Movimentos sociais divulgam Nota sobre os assassinatos de trabalhadores na Fazenda Mutamba, em Marabá/PA

Por Instituto José Cláudio e Maria
Edição: Carlos Henrique Silva (Comunicação CPT Nacional)

Nesta segunda-feira (14), movimentos sociais de Marabá/PA emitiram uma Nota em que pedem esclarecimento do governo do Estado do Pará e demais autoridades a respeito do assassinato de trabalhadores acampados na fazenda Mutamba, durante a operação Fortis Status, deflagrada pela Policia Civil de Marabá/PA na sexta-feira (11), às 04h da manhã.

Mesmo com a declaração do encerramento da operação, a situação continua tensa na região. Viaturas da polícia permanecem no local e um helicóptero da própria Segurança Pública do Estado sobrevoa o território, intimidando os acampados ao apontar armas e câmeras para as casas.

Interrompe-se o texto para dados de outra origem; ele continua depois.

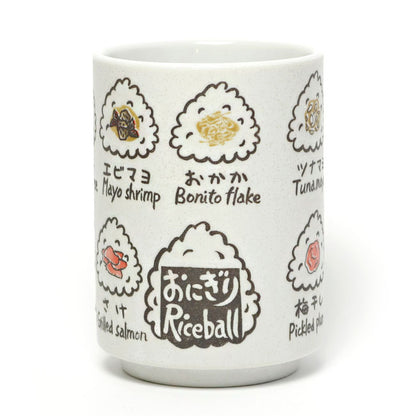 Japanese Yunomi Tea Cup Onigiri Rice Ball | Made in Japan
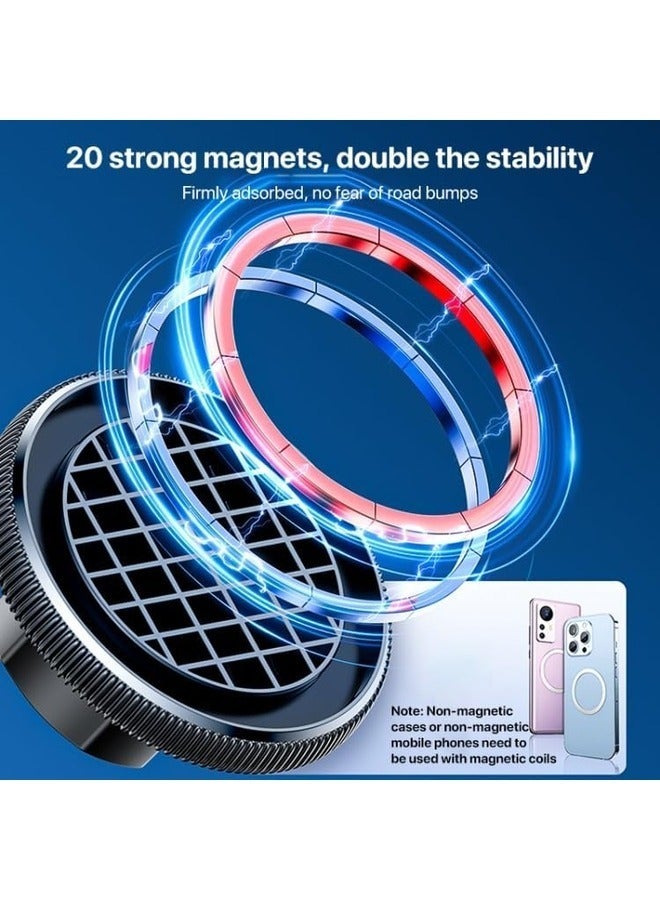ELTRAZONE "C177 Mini MagSafe Magnetic Car Holder – Compact Suction Cup Mount for iPhone and Magnetic Devices" - Image 3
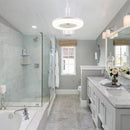 Lâmpada,Ventilador Turbo Led 2 em 1 [UlTRA POTENTE]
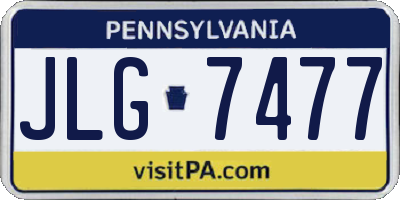 PA license plate JLG7477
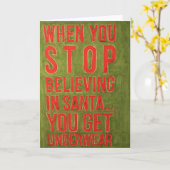 Grappig kerstbericht Wenskaart! Kaart (Gele Bloem)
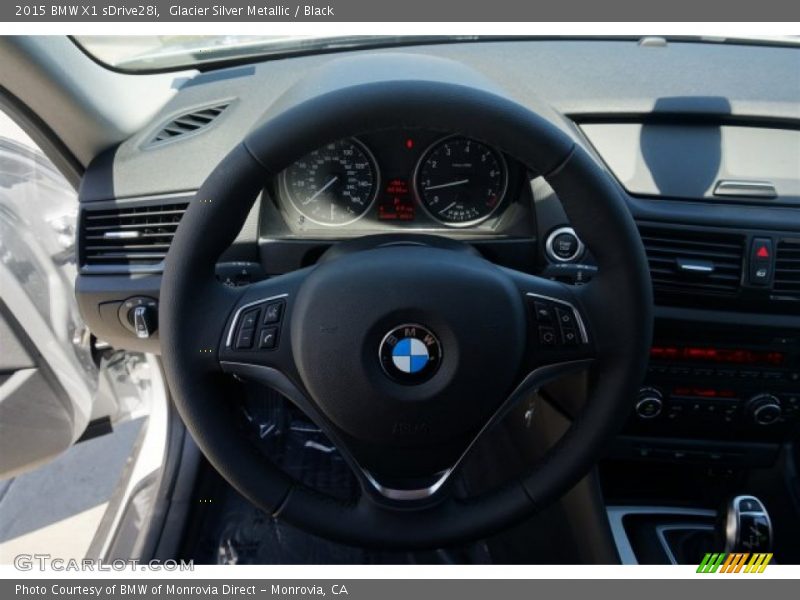 Glacier Silver Metallic / Black 2015 BMW X1 sDrive28i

Trabalhadores e trabalhadoras seguem recuados sob um barracão de palhas com diversas redes atadas. Entre as famílias, há crianças, mulheres e idosos. A Ouvidoria Agrária Nacional do MDA esteve no acampamento durante o sábado (12), e colheu depoimentos de vítimas e testemunhas da operação, para exigir respostas e ações dos órgãos competentes.

Mesmo com a polícia no local, relatos falam que os pistoleiros da fazenda, chamados pelos policiais de “guarda armada”, seguem circulando livremente do território.

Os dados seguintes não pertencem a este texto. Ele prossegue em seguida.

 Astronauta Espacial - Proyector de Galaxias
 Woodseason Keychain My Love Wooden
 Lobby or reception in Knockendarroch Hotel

Na manhã do domingo (13), aconteceu a audiência de custodia dos 4 presos, sendo 2 deles defendidos pela Defensoria Pública e os outros dois por advogados particulares. A Comissão Pastoral da Terra segue acompanhando o caso dos assassinatos e dos feridos, junto com representantes do Incra, como a OAB, Incra, Comissão Estadual de Direitos Humanos do Pará (CEDH-PA) e o Instituto José Cláudio e Maria.

Relato da operação Fortis Status

A operação tem ligação com denúncias de crime ambiental supostamente cometidos pela Associação Rural Terra Prometida, de venda ilegal de madeira, roubo de gado e outros crimes, o que não foi comprovado nem encontrado na chegada das dezenas de policiais em várias viaturas e dois helicópteros.

Todo este movimento aterrorizou os trabalhadores quando ainda estavam dormindo, e deixou, além do saldo de dois mortos, diversos feridos. Na tarde da sexta-feira (11), dois corpos foram reconhecidos no IML de Marabá, como sendo de Adão Rodrigues de Sousa (52 anos) e Edson Silva e Silva (44). Relatos afirmam que Adão foi morto dentro de sua rede enquanto dormia.

Além dos assassinatos, os trabalhadores contam que foram torturados, enforcados e humilhados, recebendo ferimentos a bala e violência psicológica. Quatro deles foram presos. A presença de drones e de um helicóptero também aterrorizou a comunidade, o que refuta a versão policial em diversos pontos, como a de que houve embate com os trabalhadores, e de que estes receberam a polícia “fortemente armados”.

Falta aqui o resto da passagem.